Es presiso borrar todas las diferencias y entablar y cerrar los lazos de unión fuertes y concluyentes. España, como la Unión Europea, exigen para su supervivencia la unidad política y monetaria, consistente y estable, lo contrario traerá su perdición.
C. Mudarra
Aquí, hay varias regiones y muchas `nacionalidades'. Aquí, la vivencia nacionalista tiene arraigo, es indudable; son unos grupúsculos muy determinados, que, convencidos de que pueden vivir por su cuenta, quieren la separación. Ese ansia de independencia y soberanía causa a España una gran inquietud, sumida en desencuentros continuos y en el desconcierto nacional. Ante la posible desmembración de España, se vive un profundo descontento social, la rebeldía e incomodidad nacionalistas crean, en la familia nacional graves conflictos. Se pone en entredicho el concepto de nación; la nación es un concepto polisémico que cada colectividad se forja. No obstante, según el derecho internacional en Estados históricamente constituidos, el respeto a la unidad nacional y a la integridad territorial impone que la única vía posible de secesión sea la que se haga conforme a los procedimientos constitucionales internos.
La vida en medio de este desbarajuste nacionalista es bronca e hiriente; esa exigencia continua, ese irse y quedarse, ese diario tira y afloja de ni contigo ni sin ti se hace insoportable, a pesar de que España es una antigua nación con muchos lazos comunes y, sin duda, muchos intereses compartidos; esos grupos nacionalistas periféricos se cuestionan la idea de España y, sobre todo, su entidad como Estado. La cuestionan los soberanistas no por una ideología de motivaciones éticas identitarias, sino monetarias e interesadas; el nacionalismo no es altruista, busca el tintín de los dineros.
Todos se amparan en la historia en apoyo de sus argumentaciones. En 1978, renunciando cada uno a sus particulares intereses, se estableció, mediante el consenso, la concordia y el acuerdo, un ámbito de comunión y avenencia que ha venido siendo, hasta el 2004, expresivo y asombroso logro. Parece que aquel convenio aglutinante y conciliador que, cerrando heridas, llegó al abrazo político y a la hermandad, en una Nación y un solo Estado ya seculares, ha perdido vigencia, ha dejado de entusiasmar a muchos que no han querido olvidar inquinas y desprenderse de odios pretéritos.
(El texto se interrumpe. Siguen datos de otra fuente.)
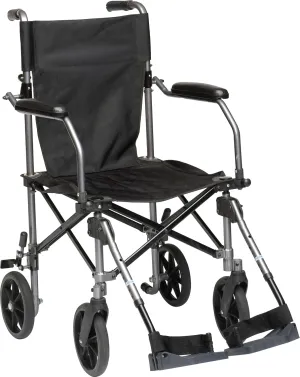 Drive Medical TC005GY Travelite Transport Wheelchair Chair in a Bag, Black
No es fácil hallar una solución ni cómo arreglar esta diáspora de pueblos, que amenaza la existencia de España; tiene que haber algún remedio por la simple razón de ser lo más conveniente para todos; no somos tan `diferentes, tan `extraños', unos de otros. Habrá que dibujar una España como una convivencia de pueblos que convivan gentes que cantan sevillanas, jotas o sardanas que hablan lenguas distintas y que se aludan y rezan en español.
Es presiso borrar todas las diferencias y entablar y cerrar los lazos de unión fuertes y concluyentes. España, como la Unión Europea, exigen para su supervivencia la unidad política y monetaria, consistente y estable, lo contrario traerá su perdición.